►
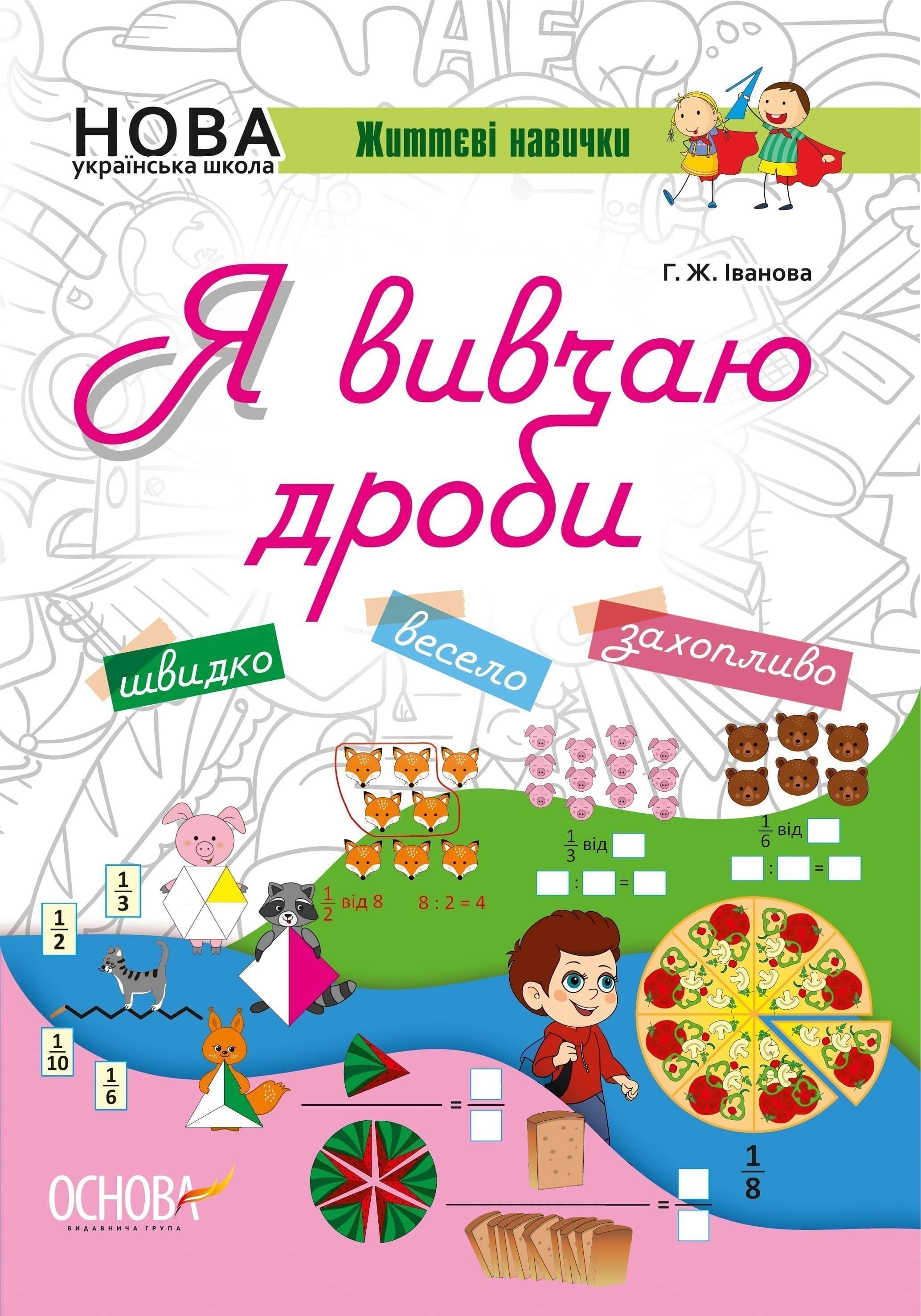 Я вивчаю дроби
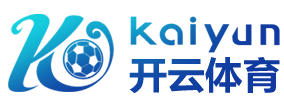 九游体育·(NineGame Sports)官方网站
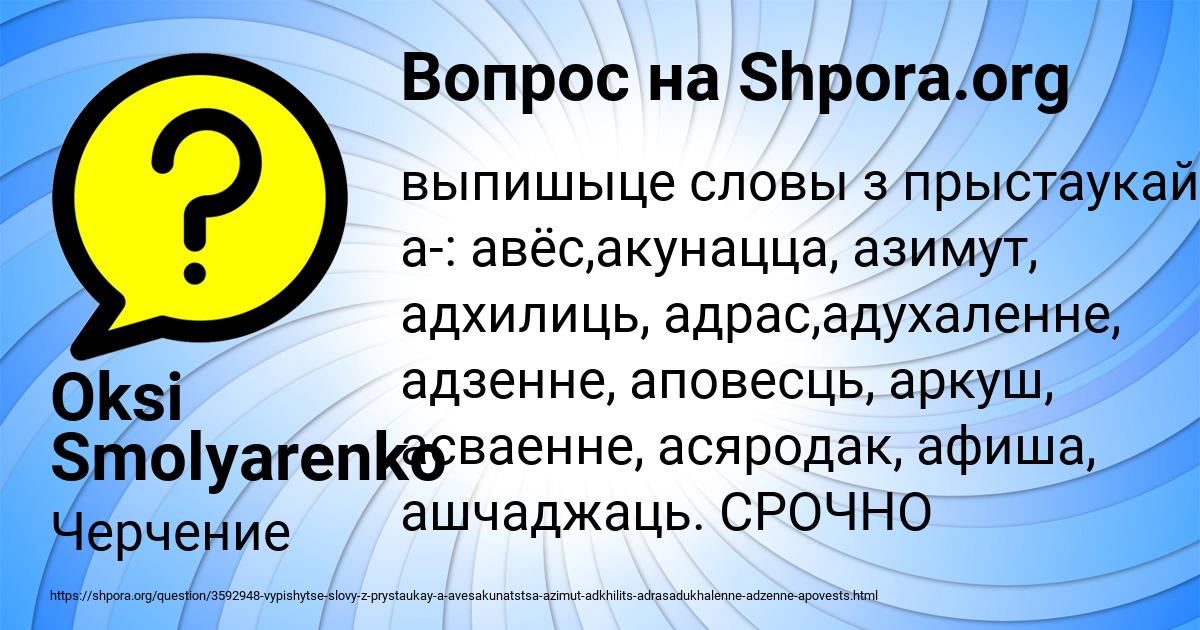 Картинка с текстом вопроса от пользователя Oksi Smolyarenko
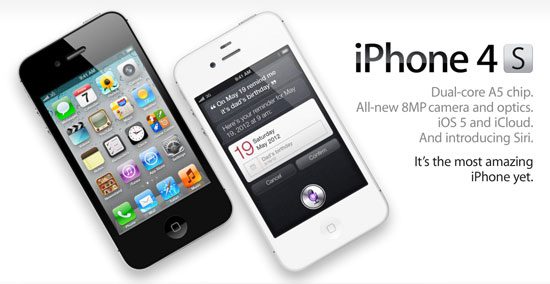 iPhone 4S τιμές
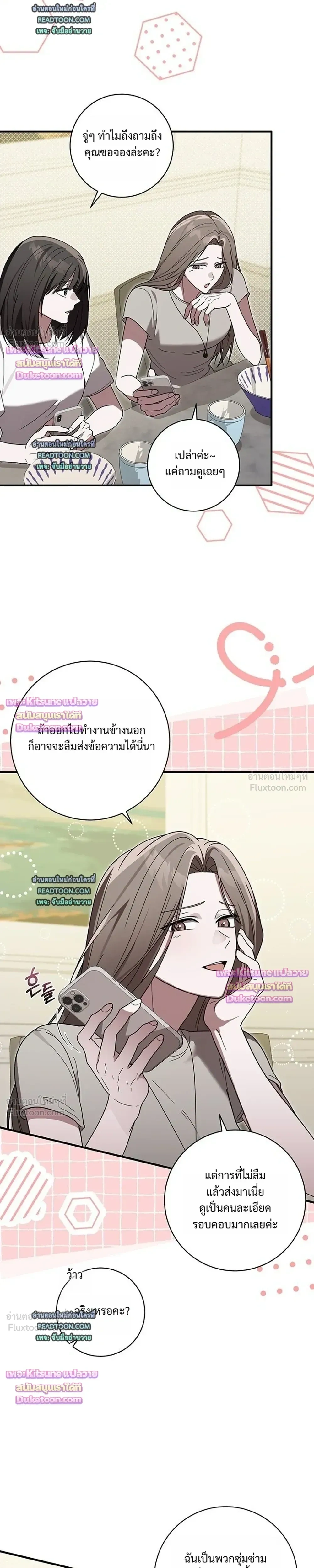 หน้าที่ 19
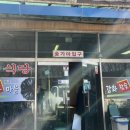 깨끗한마을목욕탕
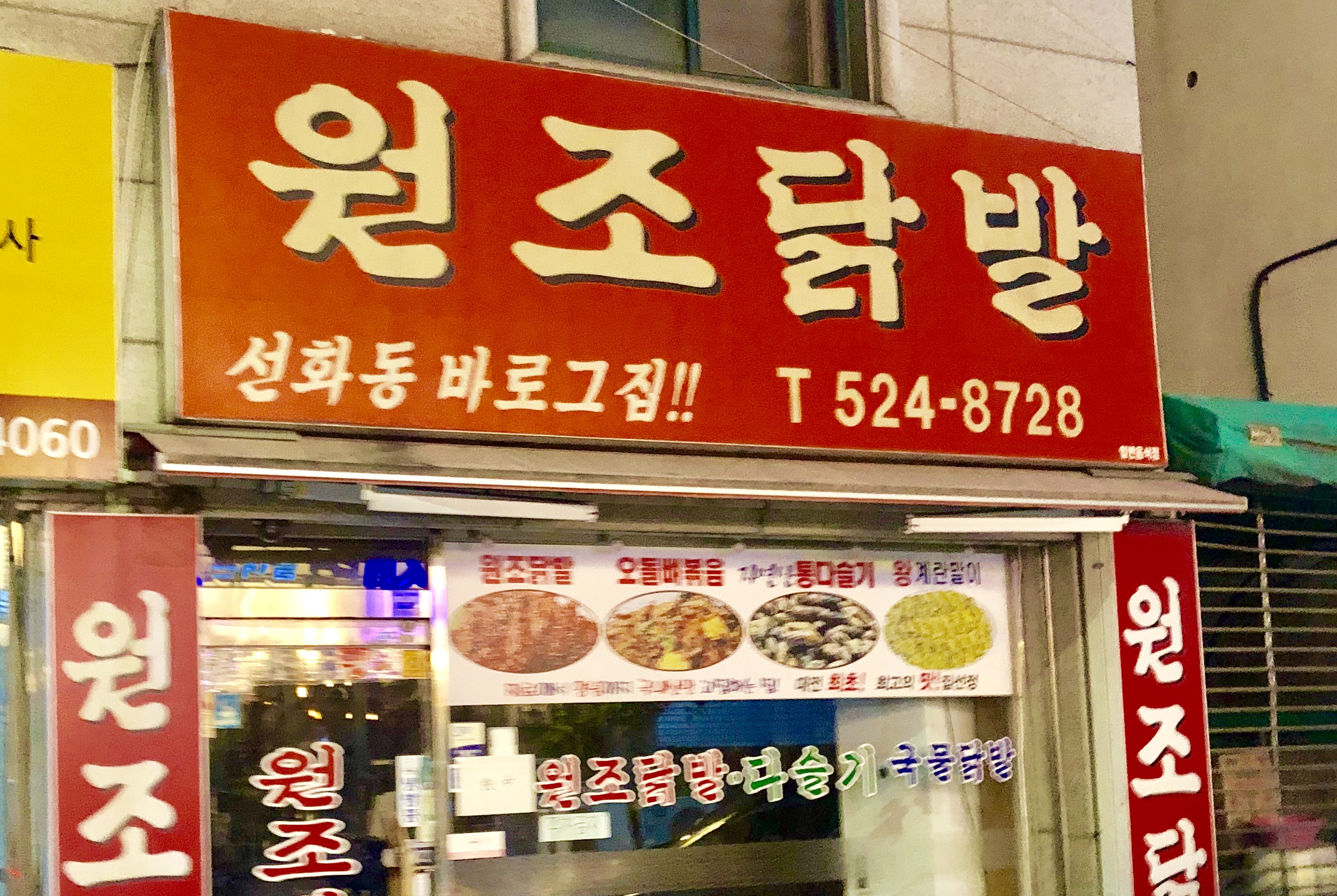 갈마동원조닭발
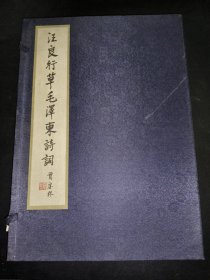 汪良行草毛泽东诗词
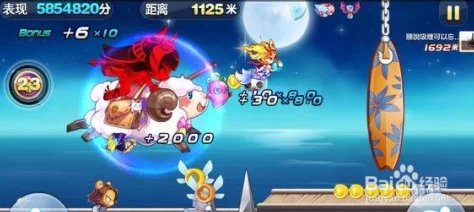 2024天天酷跑新趋势:始祖牦牛短距爆分最强阵容推荐及新鲜玩法揭秘 2024天天酷跑新趋势:始祖牦牛短距爆分最强阵容推荐及新鲜玩法揭秘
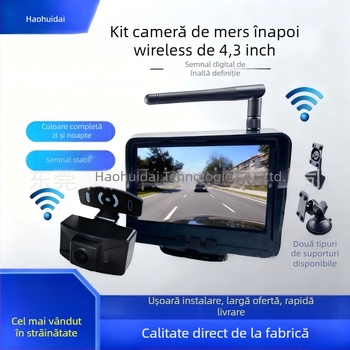 Monitor LCD pentru mașină IPS, rezoluție 480x272, intrare AHD, PAL/NTSC, model VK-TB703+605T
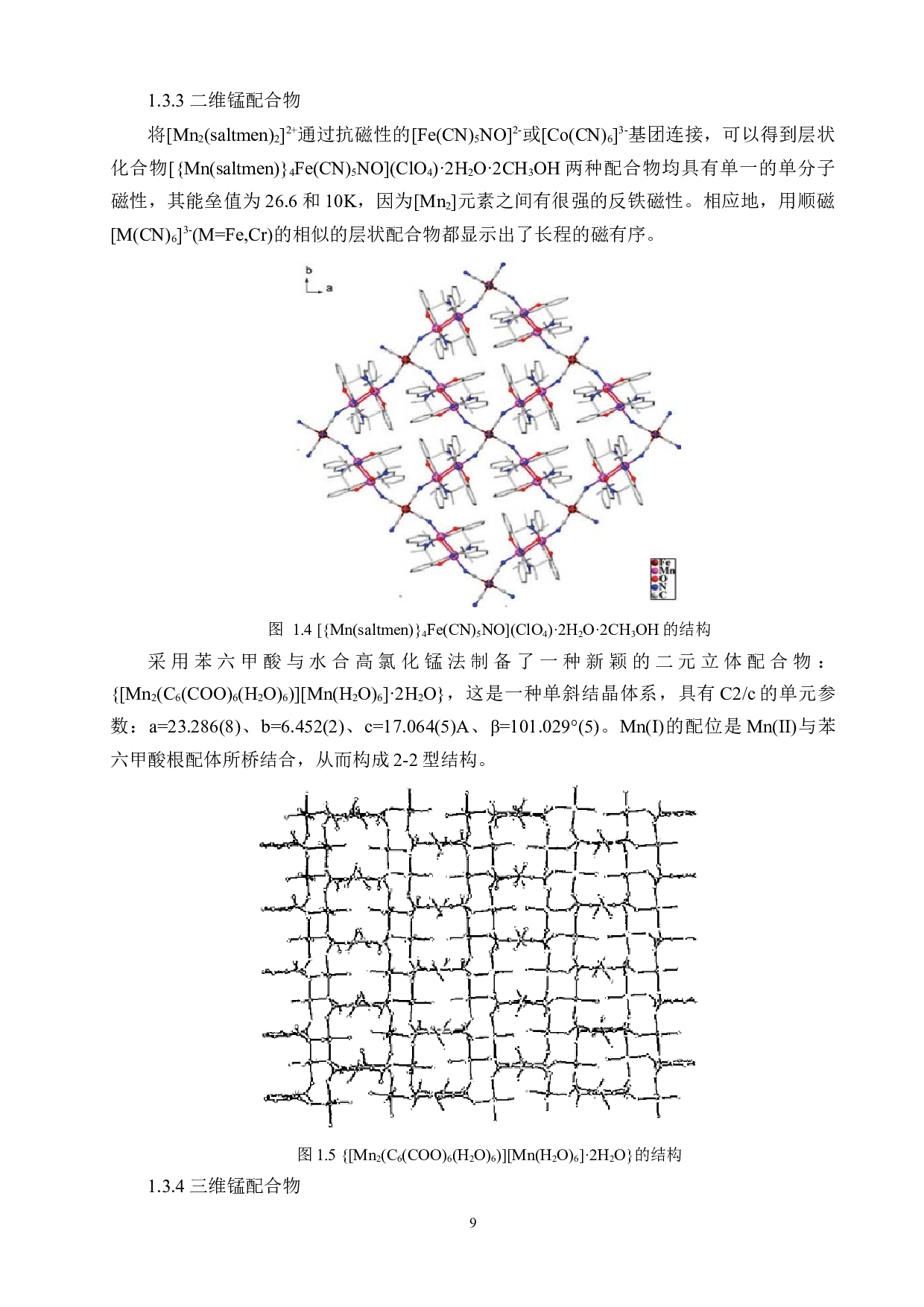 双膦酸配体锰配合物的合成与结构表征-11790字.docx 第9页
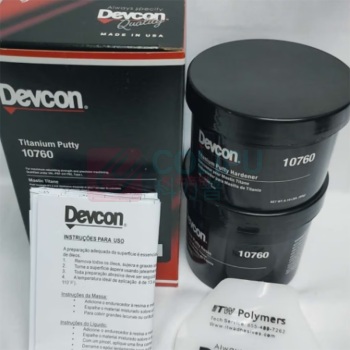 得复康 Devcon 钛合金修补剂 10760 1 磅/套 偏远地区运费另议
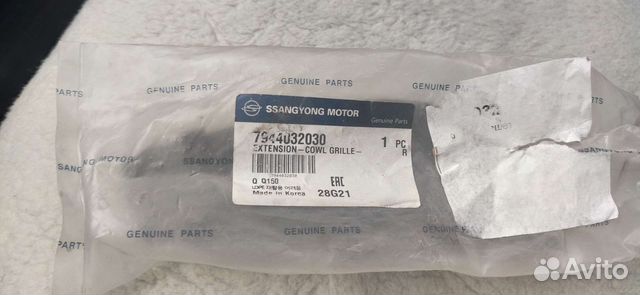 Накладка ssang yong actyon 2005-2012г. 7944032030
◄
## Instructions for the task
Repeat each line of the records exactly, dropping the pictures.

## Output for this exercise
 Я вивчаю дроби
 九游体育·(NineGame Sports)官方网站
 Картинка с текстом вопроса от пользователя Oksi Smolyarenko
 iPhone 4S τιμές
 หน้าที่ 19
 깨끗한마을목욕탕
 갈마동원조닭발
 汪良行草毛泽东诗词
 2024天天酷跑新趋势:始祖牦牛短距爆分最强阵容推荐及新鲜玩法揭秘 2024天天酷跑新趋势:始祖牦牛短距爆分最强阵容推荐及新鲜玩法揭秘
 Monitor LCD pentru mașină IPS, rezoluție 480x272, intrare AHD, PAL/NTSC, model VK-TB703+605T
 双膦酸配体锰配合物的合成与结构表征-11790字.docx 第9页
 得复康 Devcon 钛合金修补剂 10760 1 磅/套 偏远地区运费另议
 Накладка ssang yong actyon 2005-2012г. 7944032030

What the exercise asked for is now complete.